In England, coal had heated houses since Roman times. Dug from exposed seams or near the surface, it was not transported overland any further than quarried stone. In early modern England, it was called ‘sea coal’ – it always came to London by sea. From the pits and mines in northern England, flat-bottomed barges took coal along the River Tyne to Newcastle. Transhipped onto sailing vessels, it went down the east coast to the Thames. From 1550 to 1700, these shipments of coal increased at least twentyfold. The influx of Spanish silver led to dramatic inflation in London, but there was so much coal that its price did not increase: for a while, a peculiar equilibrium was established between the rising uses of silver and coal. The tonnage of English coal shipping exceeded the total tonnage of all the rest of the merchant fleet. The sailors who manned these ships formed the naval reserve in times of war. 1 Godforsaken parts of the country were seeing real money for the first time ever. Begun in open quarries, the extraction switched to mines; the costs grew, but so did the scale of the industry. Coal was compared to gold and the English countryside to Spanish colonies. As an anonymous author wrote in
England’s a perfect World! Has Indies too!

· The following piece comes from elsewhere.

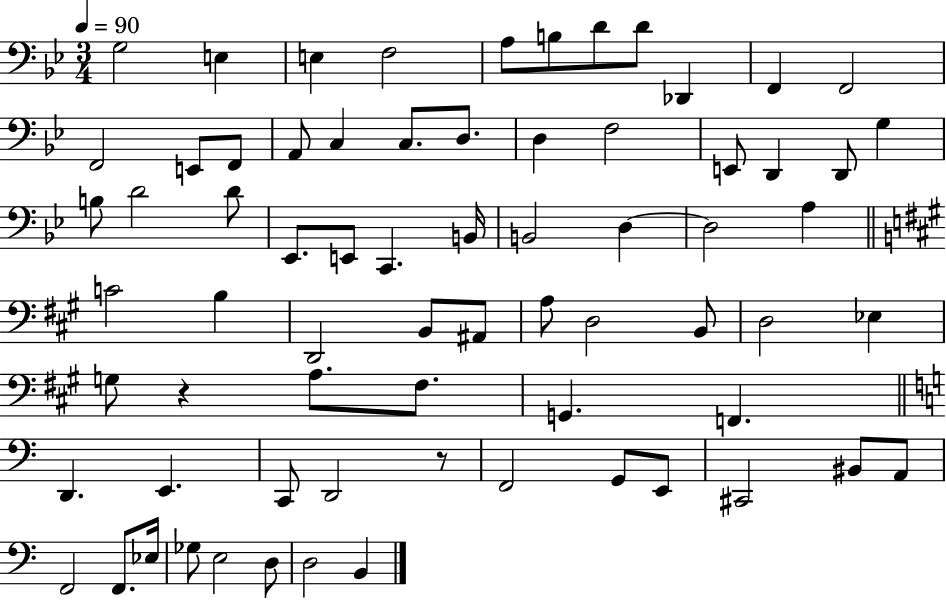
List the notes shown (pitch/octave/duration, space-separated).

G3/h E3/q E3/q F3/h A3/e B3/e D4/e D4/e Db2/q F2/q F2/h F2/h E2/e F2/e A2/e C3/q C3/e. D3/e. D3/q F3/h E2/e D2/q D2/e G3/q B3/e D4/h D4/e Eb2/e. E2/e C2/q. B2/s B2/h D3/q D3/h A3/q C4/h B3/q D2/h B2/e A#2/e A3/e D3/h B2/e D3/h Eb3/q G3/e R/q A3/e. F#3/e. G2/q. F2/q. D2/q. E2/q. C2/e D2/h R/e F2/h G2/e E2/e C#2/h BIS2/e A2/e F2/h F2/e. Eb3/s Gb3/e E3/h D3/e D3/h B2/q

Correct your Maps: Newcastle is Peru! …
Let th’ naughty Spaniard triumph ’til ’tis told
Our sooty mineral purifies his gold. 2
The stability of coal prices was one of the great secrets of the British economy. The government was constantly preoccupied with maintaining grain prices, but coal prices were self-regulating. Coal production responded elastically to demand, and it all happened within the country – no customs were involved. Under pressure from the soaring price of firewood, almost all heat-dependent industries switched to coal – these included the manufacture of bricks, salt and soap, the burning of limestone, the refining of sugar and many other things. But breweries and forges were fuelled with charcoal; coal contained impurities that damaged metals and tainted beer. To produce 1 kilogram of pig iron required 8 kilograms of charcoal, for which 40 kilograms of firewood were needed. In the middle of the eighteenth century, British industry required about a million tons of firewood per year. Its price skyrocketed, and, although England and Scotland had excellent deposits of ore, they had to buy pig iron from Sweden and Russia.
In 1603, the aristocratic poet and naturalist Sir Hugh Platt proposed mixing coal dust and loam ‘according to the manner and making of snowballs’. In the fireplace, these balls looked ‘attractive’ and produced less ‘smoot’. Decades later, breweries in Derbyshire started using coke, which they produced by setting fire to heaps of coal mixed with clay; the new fuel was instrumental in the invention of pale ale and then cast iron. In 1709, Abraham Darby, a Quaker, first used coke for this purpose.